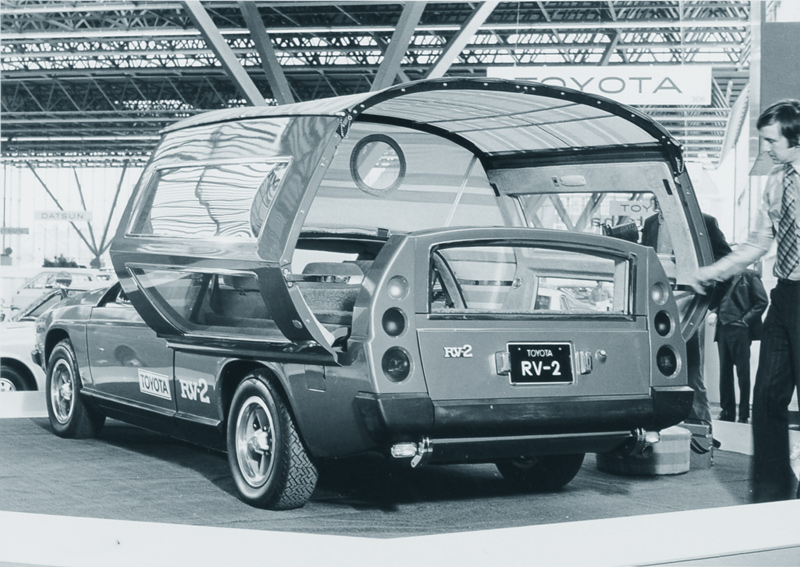 Heckansicht Toyota RV 2 von 1972, gezeigt in Tokio 1972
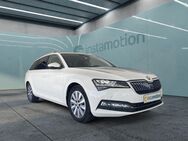 Skoda Superb, 2.0 TDI Combi Style VC, Jahr 2021 - München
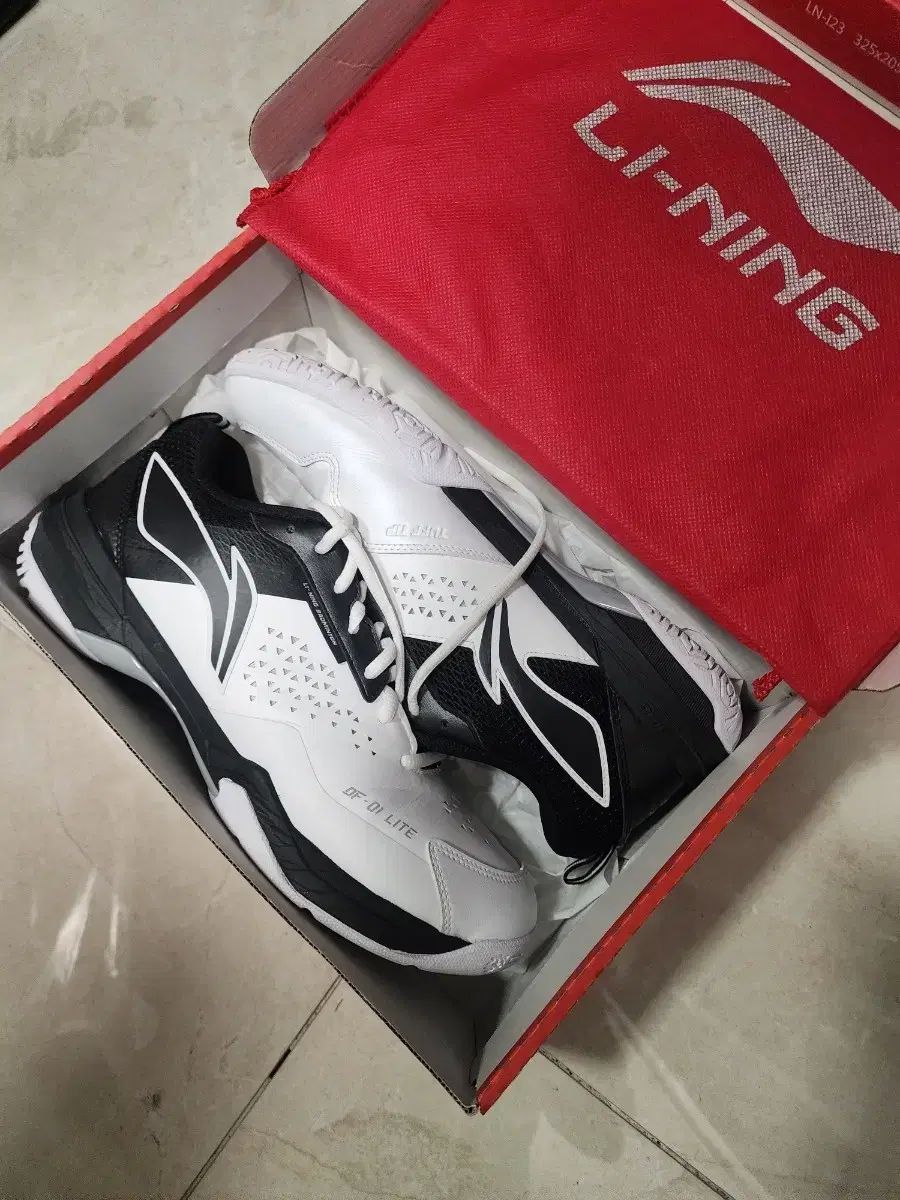 LI-NING バドミントンシューズ BLADE LIGHT 275mm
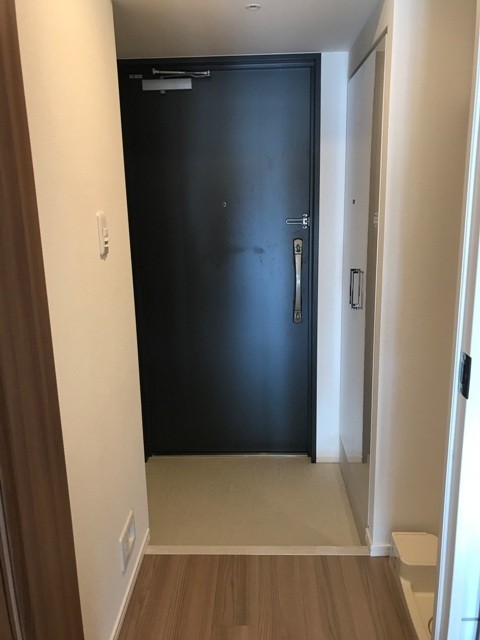 ※写真は同タイプ住戸です。(玄関)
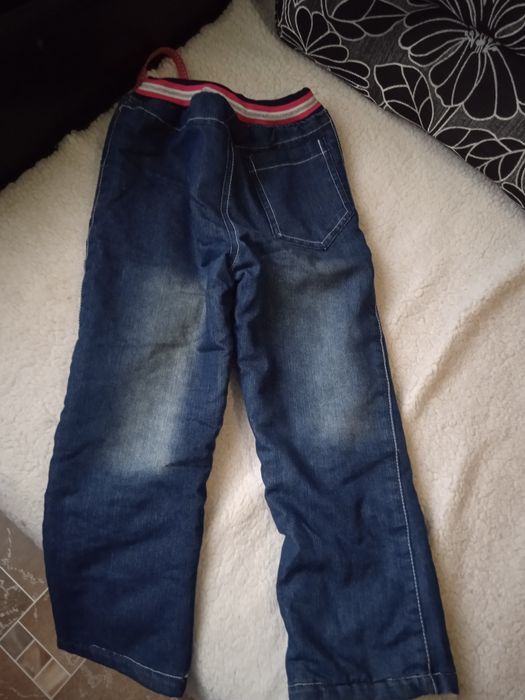 Джинсы на девочку утеплённые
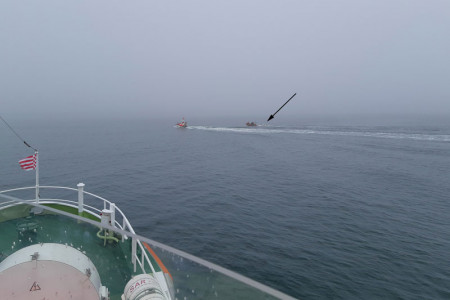 Im immer dichter werdenden Nebel hat ein Angler am Dienstagabend nordöstlich von Rostock die Orientierung verloren.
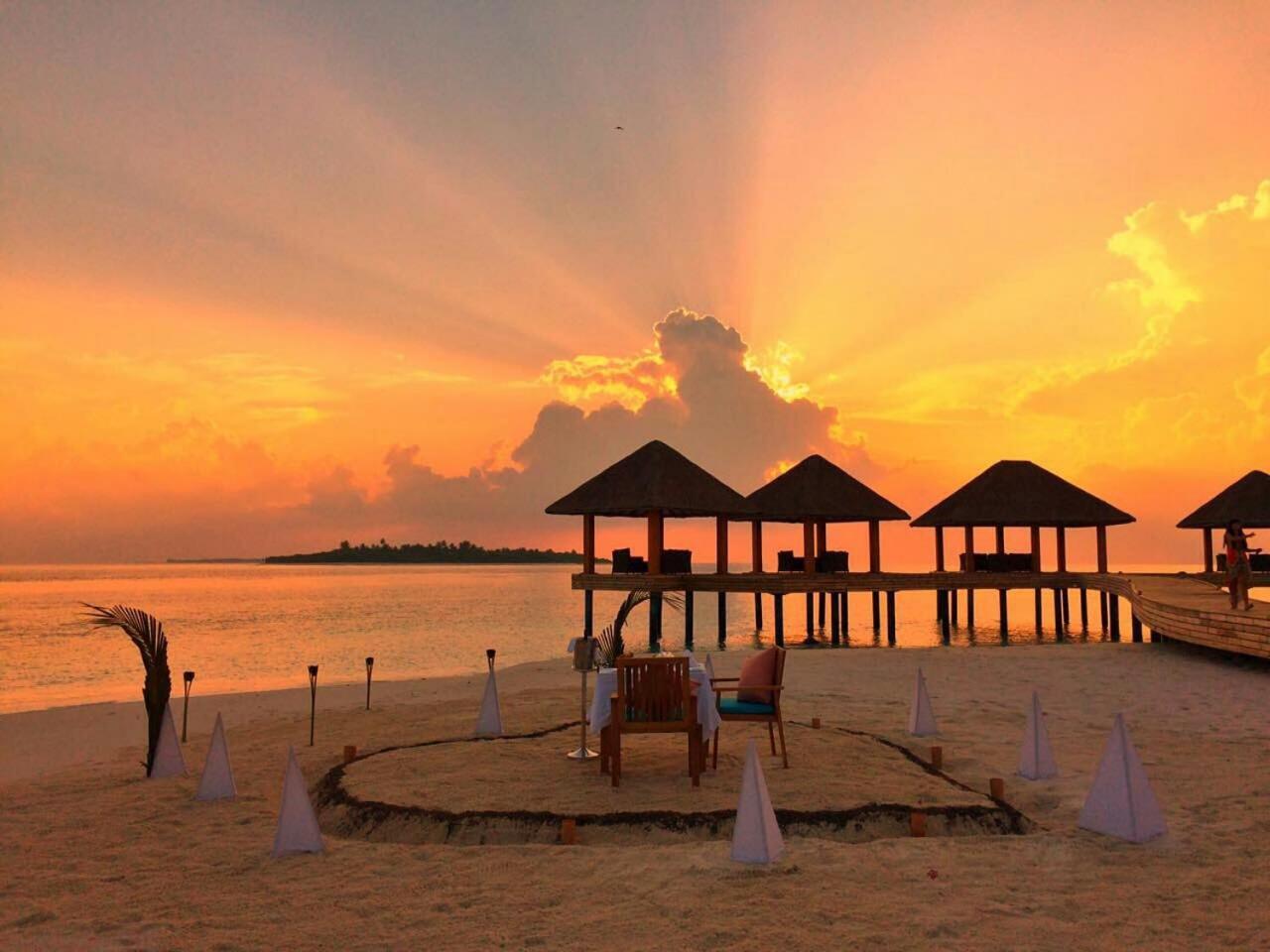 库达福施酒店及Spa Meedhoo  外观 照片
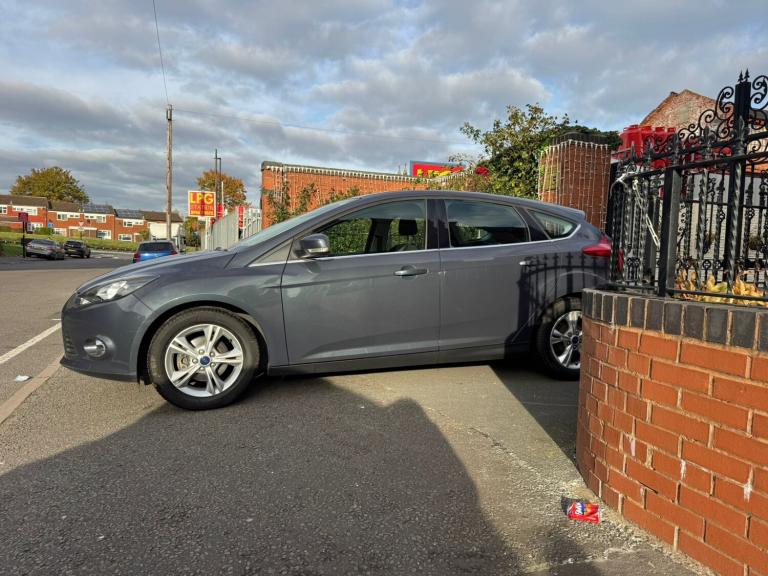 2013 Ford Focus 1.6 125 Zetec 5dr Powershift HATCHBACK Petrol Automatic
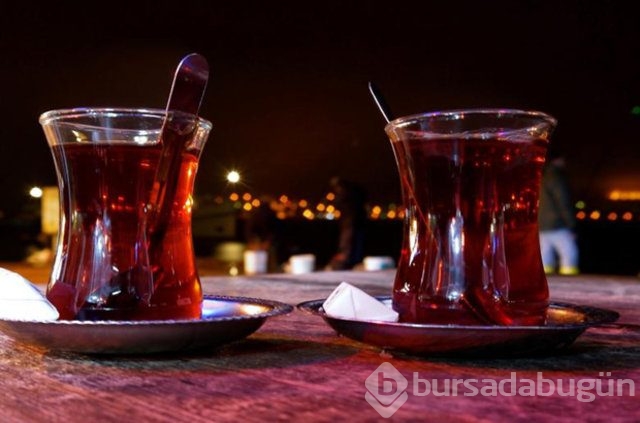 Demlikte kalan çayı dökmeyin!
-*-
EXERCISE GOAL:
Reproduce the data above line for line, excluding every picture.

TASK RESULT:
 Heckansicht Toyota RV 2 von 1972, gezeigt in Tokio 1972
 Skoda Superb, 2.0 TDI Combi Style VC, Jahr 2021 - München
 LI-NING バドミントンシューズ BLADE LIGHT 275mm
 ※写真は同タイプ住戸です。(玄関)
 Джинсы на девочку утеплённые
 Im immer dichter werdenden Nebel hat ein Angler am Dienstagabend nordöstlich von Rostock die Orientierung verloren.
 库达福施酒店及Spa Meedhoo  外观 照片
 2013 Ford Focus 1.6 125 Zetec 5dr Powershift HATCHBACK Petrol Automatic
 Demlikte kalan çayı dökmeyin!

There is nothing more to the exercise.